This release adds support of rotated documents, and extends both the model & dataset zoos.

Note: doctr 0.5.0 requires either TensorFlow 2.4.0 or PyTorch 1.8.0.

Highlights

🙃 😃 Rotation-aware text detection 🙃 😃

It's no secret: this release focus was to bring the same level of performance to rotated documents!

docTR is meant to be your best tool for seamless document processing, and it couldn't do without supporting a very natural & common augmentation of input documents. This large project was subdivided into three parts:

Straightening pages before text detection

Developing a heuristic-based method to estimate the page skew, and rotate it before forwarding it to any deep learning model. Our thanks to @Rob192 for his contribution on this part 🙏

This behaviour can be enabled to avoid retraining the text detection models. However, the heuristics approach has its limits in terms of robustness.

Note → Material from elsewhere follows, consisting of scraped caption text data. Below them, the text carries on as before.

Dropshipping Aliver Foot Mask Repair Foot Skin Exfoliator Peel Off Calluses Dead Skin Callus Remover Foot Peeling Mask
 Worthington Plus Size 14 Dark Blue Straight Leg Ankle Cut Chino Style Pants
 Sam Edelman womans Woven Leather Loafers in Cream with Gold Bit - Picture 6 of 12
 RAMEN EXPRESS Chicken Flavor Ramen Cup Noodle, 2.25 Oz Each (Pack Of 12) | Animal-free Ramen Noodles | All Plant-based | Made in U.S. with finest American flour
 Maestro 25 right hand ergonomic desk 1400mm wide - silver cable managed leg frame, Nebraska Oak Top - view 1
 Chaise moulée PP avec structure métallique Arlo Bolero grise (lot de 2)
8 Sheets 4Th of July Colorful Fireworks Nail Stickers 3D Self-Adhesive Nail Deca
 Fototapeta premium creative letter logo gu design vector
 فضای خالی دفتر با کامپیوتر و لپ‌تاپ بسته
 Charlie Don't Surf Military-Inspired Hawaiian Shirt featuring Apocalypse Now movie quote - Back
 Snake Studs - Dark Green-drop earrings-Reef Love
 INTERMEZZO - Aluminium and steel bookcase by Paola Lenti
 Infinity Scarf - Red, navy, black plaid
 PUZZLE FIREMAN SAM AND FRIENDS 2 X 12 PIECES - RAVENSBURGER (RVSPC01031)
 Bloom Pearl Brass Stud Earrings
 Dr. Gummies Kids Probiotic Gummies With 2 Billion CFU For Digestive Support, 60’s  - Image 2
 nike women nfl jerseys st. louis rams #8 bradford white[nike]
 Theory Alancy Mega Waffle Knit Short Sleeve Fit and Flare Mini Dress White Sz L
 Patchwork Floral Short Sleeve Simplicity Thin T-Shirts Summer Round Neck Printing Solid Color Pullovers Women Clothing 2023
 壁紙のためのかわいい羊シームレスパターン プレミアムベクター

Text detection training with rotated images

The core of this project was to enable our text detection models to produce non-degraded heatmaps & localization candidates when processing a rotated page.

Crop orientation resolution

Finally, once the localization candidates have been extracted, there is no saying that this localization candidate will read from left to right. In order to remove this doubt, a lightweight image orientation classifier was added to refine the crops that will be sent to text recognition!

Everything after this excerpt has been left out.